Thought RAID arrays offer increased redundancy, capacity, and performance over standard disk systems, some administrators often have the perception that RAIDs will never fail, which is wrong. Should a hard drive or volume fail on the RAID array, it’s always a good practice to fix the problem as soon as possible. Since, in most cases, StarWind VSAN HA devices locate on top of RAID array, RAID malfunction can affect the performance and the availability of underlying storage itself, which is critical for the HA storage operation. Operational delays on RAID array become significant when its state changes to the “Degraded,” thereby resulting in the i/o delays and whole environment slow down.
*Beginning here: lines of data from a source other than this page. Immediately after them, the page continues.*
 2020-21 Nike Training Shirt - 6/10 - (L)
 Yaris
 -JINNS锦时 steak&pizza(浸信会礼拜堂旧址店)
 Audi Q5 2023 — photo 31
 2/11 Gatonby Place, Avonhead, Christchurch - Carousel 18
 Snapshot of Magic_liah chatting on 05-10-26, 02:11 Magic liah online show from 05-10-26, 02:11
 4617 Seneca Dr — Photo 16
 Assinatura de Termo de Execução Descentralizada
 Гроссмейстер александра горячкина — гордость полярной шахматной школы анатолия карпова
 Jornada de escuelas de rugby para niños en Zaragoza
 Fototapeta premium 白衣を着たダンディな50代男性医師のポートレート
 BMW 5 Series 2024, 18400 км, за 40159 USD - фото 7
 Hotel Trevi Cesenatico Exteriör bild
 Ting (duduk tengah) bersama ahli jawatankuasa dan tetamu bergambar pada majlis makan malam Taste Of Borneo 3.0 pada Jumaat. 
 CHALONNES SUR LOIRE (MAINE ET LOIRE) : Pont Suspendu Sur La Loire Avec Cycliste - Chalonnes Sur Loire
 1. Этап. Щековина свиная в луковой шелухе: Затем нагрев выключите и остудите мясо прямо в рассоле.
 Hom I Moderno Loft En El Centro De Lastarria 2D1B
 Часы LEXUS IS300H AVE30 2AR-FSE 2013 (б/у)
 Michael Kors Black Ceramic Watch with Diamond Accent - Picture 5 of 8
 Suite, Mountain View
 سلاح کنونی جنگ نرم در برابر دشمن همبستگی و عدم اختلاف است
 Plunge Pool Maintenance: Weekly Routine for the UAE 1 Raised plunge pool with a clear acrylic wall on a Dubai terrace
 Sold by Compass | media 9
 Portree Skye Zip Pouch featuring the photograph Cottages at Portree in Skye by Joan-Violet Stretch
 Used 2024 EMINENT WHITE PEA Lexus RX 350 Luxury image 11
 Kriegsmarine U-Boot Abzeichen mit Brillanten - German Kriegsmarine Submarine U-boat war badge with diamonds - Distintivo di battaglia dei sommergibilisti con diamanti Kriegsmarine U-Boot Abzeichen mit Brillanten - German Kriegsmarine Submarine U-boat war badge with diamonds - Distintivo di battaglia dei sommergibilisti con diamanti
RAID performance degradation can affect StarWind HA storage behavior in the following ways:

1. HA storage high response time – events about the delays on either write or read operations will be logged in StarWind and Windows Application logs. VMs/databases may stop responding for a while or completely hang.

       Cause:

       – background tasks during the high storage workload;

       – disk(s) got a predictive failure state;

       – huge queue on i/o operations on the underlying storage;

       Troubleshooting steps:

       – reschedule background task during the high storage workload;

       – check the physical disks and RAID health state;

       – review RAID cache configuration settings;

       – stop and disable StarWind service on the problematic node before fixing (rebuilding) the RAID;

2. Critical device response time  – StarWind HA devices becomes “Not synchronized” for 30 minutes on the problematic node because of high storage response time. The issue can also appear as looping synchronization. VMs/databases may stop responding for a while or completely hang.

Cause:

       – RAID controller background tasks during the high storage workload;

       – RAID got a “Degraded” state;

       Troubleshooting steps:

       – reschedule background task during the high storage workload;

       – check physical disks and RAID health state;

       – stop and disable StarWind service on the problematic node before fixing (rebuilding) the RAID;

3. HA device got “Non-active” state on one of the nodes – StarWind Management console reporting about the “Non-active” state and iSCSI initiator having trouble connecting to the targets on the problematic node.

       Cause:

       – RAID got a “Failed” state;

       – RAID controller malfunction;

       Troubleshooting steps:

       – check physical disks and RAID health state;

       – stop and disable StarWind service on the problematic node before fixing (rebuilding) the RAID;

       – investigate RAID controller logs and contact hardware vendor to fix the issue;

       – recreate HA device replica to the problematic node;

NOTE: The StarWind VSAN service may be started again and replica may be recreated only in case if RAID issues were fixed (i.e. all faulty drives were replaced and RAID rebuild was finished).